Step right up, step right up! Christy and Richie’s Second Mortgage Emporium is now open for business! The not-so-sublime subprimes! Affordability the worst? Come see BC First!
The widely panned B.C. Home Owner Mortgage and Equity Partnership began taking applications on Jan. 16 from those seeking help to buy their first house.
The BC Liberal government is refusing to release the business case for now and is audaciously threatening to charge freedom of information requesters money to see whether a cost-benefit analysis was actually conducted for the $700 million-plus vote-buying program.
Coleman marked the occasion with a photo op at a mortgage store in the Vancouver-Fairview NDP riding, but Clark wasn’t there. Afraid to answer the inevitable questions about the unflattering New York Times report on banana republic-style political fundraising in B.C., perhaps?
Clark instead marked the occasion by Tweeting and Facebooking a photograph of the first house she owned with Mark Marissen (it wasn’t all hers), back when they were a political power couple. The San Remo Drive house in Port Moody hosted many of the couple’s notorious toga parties back in the day and was home of Marissen’s Burrard Communications lobbying company before it moved downtown. It was also one of the places where the RCMP showed up after the 2003 Legislature raid, because Mounties were probing the events surrounding the corrupt privatization of BC Rail.
Clark moved to Vancouver before her failed 2005 bid to win the NPA nomination for mayor and settled in a house south of Vancouver city hall. It was recently assessed at $2.24 million (up from $1.73 million a year earlier), but Clark no longer calls it home.
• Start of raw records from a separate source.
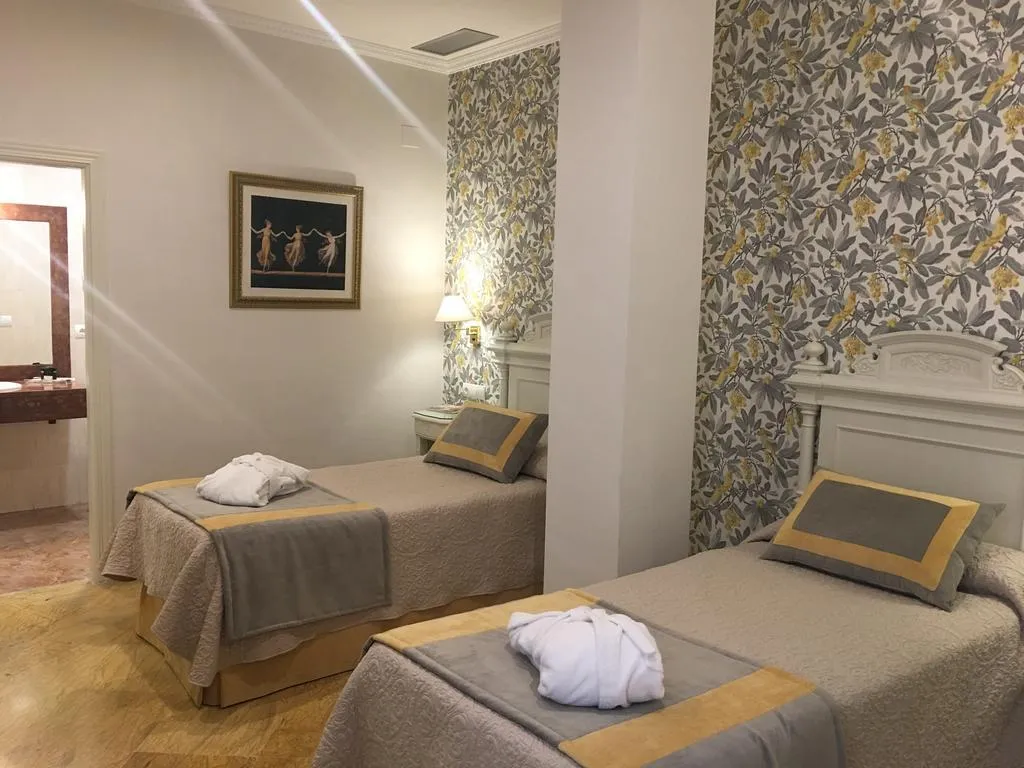 DOUBLE TWO BEDS Room, Adriano Hotel, Seville
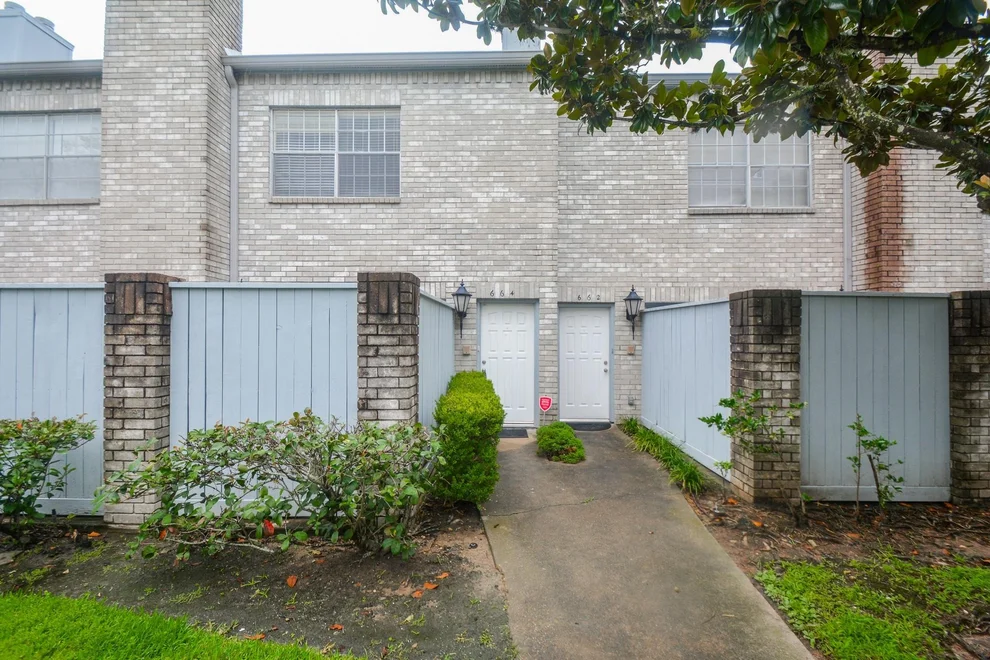 Unit for sale at 664 Wilcrest Drive, Houston, TX 77042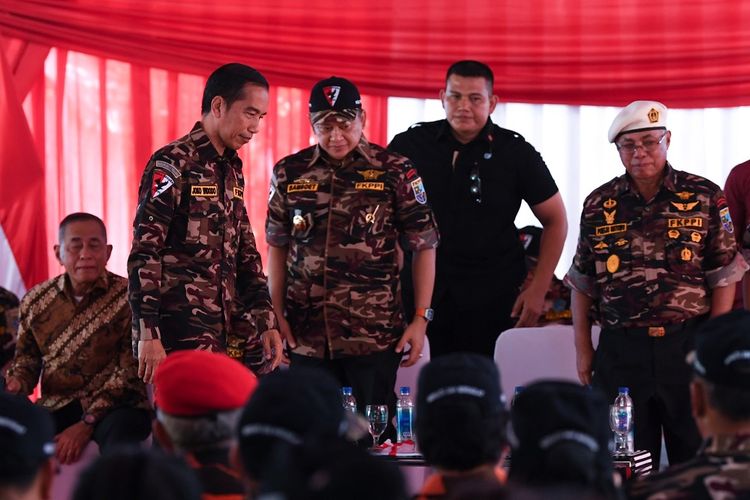 Presiden Joko Widodo (kiri) didampingi Ketua Umum Forum Komunikasi Putra Putri TNI-Polri (FKPPI) Pontjo Sutowo (kanan) dan Ketua DPR sekaligus Ketua Badan Bela Negara FKPPI  Bambang Soesatyo (kedua kiri) membuka Jambore Kebangsaan Bela Negara FKPPI  di Jakarta, Jumat (7/12/2018). Presiden berpesan kepada FKPPI untuk menjaga keutuhan bangsa dengan membela ideologi Pancasila. ANTARA FOTO/Wahyu Putro A/foc.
Her current abode in Dunbar has the name Nevin Sangha on the title. Sangha is a close business associate of Clark friend/Vancouver Whitecaps’ owner Greg Kerfoot. The Major League Soccer club plays at public-owned B.C. Place Stadium and trains at a University of B.C. facility that scored a $12 million taxpayer subsidy from the B.C. Liberal cabinet.
Real estate agent Tanya Oliver (a Clark leadership campaign volunteer in 2011) caused more than 30-seconds of commotion on Facebook after she brokered the April 2016 sale for $3.688 million — $200,000 over asking. The assessment of the Blueshore-mortgaged house skyrocketed almost 37% from $2.505 million to $3.426 million, year-over-year.
Clark’s spokespeople claim she pays between $5,500 and $6,500 a month in rent.
Last year, Clark and brother Bruce bought their Galiano Island vacation property out of a trust. It is now worth $720,000.
Back to that humble Port Moody house that inspired Clark’s Blue Monday moment of nostalgia.
According to PropertyInsight.ca, Clark and Marissen sold it May 19, 2004 for $380,000, up from the $250,000 paid Dec. 22, 1996. In 1991, the year the BC Liberals became the opposition to the governing NDP, it was worth $202,000.
What is it worth now?
BC Assessment shows the San Remo two-storey sold in January 2015 for $688,000 and the valuation jumped, year-over-year, from $718,000 to $975,000. A whopping $257,000 (or 35.8%) increase.
If the house hit the market today, it would be far out of reach for any first-time buyer approved under Clark and Coleman’s BC HOME Partnership gimmick.
That’s because the ceiling for applicants is $750,000.